U.S. forces first came to Guantánamo in 1898, during the Spanish-American war. Five years later, presidents Tomás Estrada Palma and Theodore Roosevelt signed the first lease agreement to establish this U.S. Navy repair and refueling station. Over time, it became a magnet for Cuban workers, notably in the 1950s among young people who moved to nearby Guantánamo City and Caimanera from Batista's hometown of Banes.
Working with Americans was, for some, a family tradition. Some of their parents had worked for the American-owned United Fruit Co. in Banes, and so they came here to work as everything from ditch-diggers and translators to cooks and clerks.
Old-timers recall that the pay was good. Many earned 25 cents an hour.
When Fidel Castro came to power, he and other revolutionaries wanted to break the $2,000-a-year lease signed in 1934. They cast the base as an enemy interloper - an unwanted corner of colonialism in the Caribbean. The exiles here recall that police pressured workers to quit their jobs or, worse, spy on their bosses and co-workers. Cuban gate guards subjected workers to humiliating strip searches.
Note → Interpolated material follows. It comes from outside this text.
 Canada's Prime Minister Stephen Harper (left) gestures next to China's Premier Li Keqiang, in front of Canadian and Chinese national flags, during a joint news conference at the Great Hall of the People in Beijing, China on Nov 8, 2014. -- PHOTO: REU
By 1964 Castro's anger had boiled so much that he cut off two-way vehicle traffic from the Cuban land that abuts Guantánamo - and accused the Americans of stealing Cuban water. The Pentagon countered by building a desalination plant.
Navy commanders also made their commuter workers a standing offer: Stay here and sleep in barracks until the U.S.-Cuban rift is settled.
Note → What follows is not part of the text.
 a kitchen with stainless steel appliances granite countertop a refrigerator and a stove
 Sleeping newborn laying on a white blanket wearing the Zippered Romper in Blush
Edgar Lewis, 78, who had worked on the base since 1943 as a translator, accepted the offer on Feb. 26, 1961.
"I was having my little problems with the Cuban police. I never started out thinking it would be so long. I lost my father, lost my mother over there - I never saw them before they died."
But life, he says, has steadily improved. After the 1962 Cuban Missile Crisis, the workers moved from their barracks to a trailer park. Then in the 1980s they got the same housing as Navy families.
Today he and his wife, Loleeta, a Jamaican who works as a clerk at command headquarters, occupy a four-bedroom home in a neighborhood called Caribbean Circle near Gitmo's mostly brown golf course. Their daughter, Monique, 21, lives in Jacksonville with her brother.
Lewis recalled the base's boom-and-bust history, from its height during the Cold War when more than 10,000 troops were here to support an artillery battalion, tank platoon and DC-9 squadron.